Mikhail KOKZHAEV, composer, professor of the Yerevan State Conservatoire: “The legend, coryphaeus of the Armenian musicology,its part that belongs to the fundamental bases of the musical theoretical science. His contribution to the musical theory, and not only related to the national art, is invaluable: the textbooks of polyphony and harmony created by him are examples of teaching aids for the highest school of music. If we recall that in the world musical pedagogical practice, no more than a dozen of worthy musical harmony and polyphony textbooks have been created in the entire history of formation of the educational process, then Armenia can be proud of the very fact of having such manuals, created by the willpower and talent of the Armenian musicologist.”

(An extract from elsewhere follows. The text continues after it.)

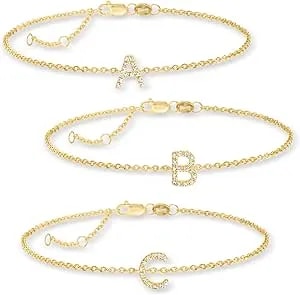 Ross-Simons Diamond Initial Bracelet In 18kt Gold Over Sterling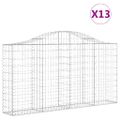 vidaXL Oblúkové gabiónové koše 13 ks 200x30x100/120cm pozinkov. železo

Today in the Romanos Melikyan Music School at the entrance to the classroom, where Eduard Pashinyan worked, there is a plate in his honor. The Union of Composers of Armenia, the National Academy of Sciences of the Republic of Armenia and the Yerevan State Conservatoire are planning to hold a scientific conference in September dedicated to the 100th anniversary of this outstanding figure of musical art.
P.S. Volume I of the "Harmony Textbook" was published in 1960, then republished several times,in 1987 in two volumes. In 1998 his last work"Polyphony" was published at the expense of Archbishop Shahe Achemyan. Today, these books are stored in the libraries of various universitiesin a very poor state and in extremely limited quantities. Hopefully, the Eduard Pashinyan's 100th anniversary will finally become an occasion for relevant structures to pay attention to the issue of republishing these works. And then, with a sense of duty done, it will be possible to bow the head and say: "Happy anniversary, Master!"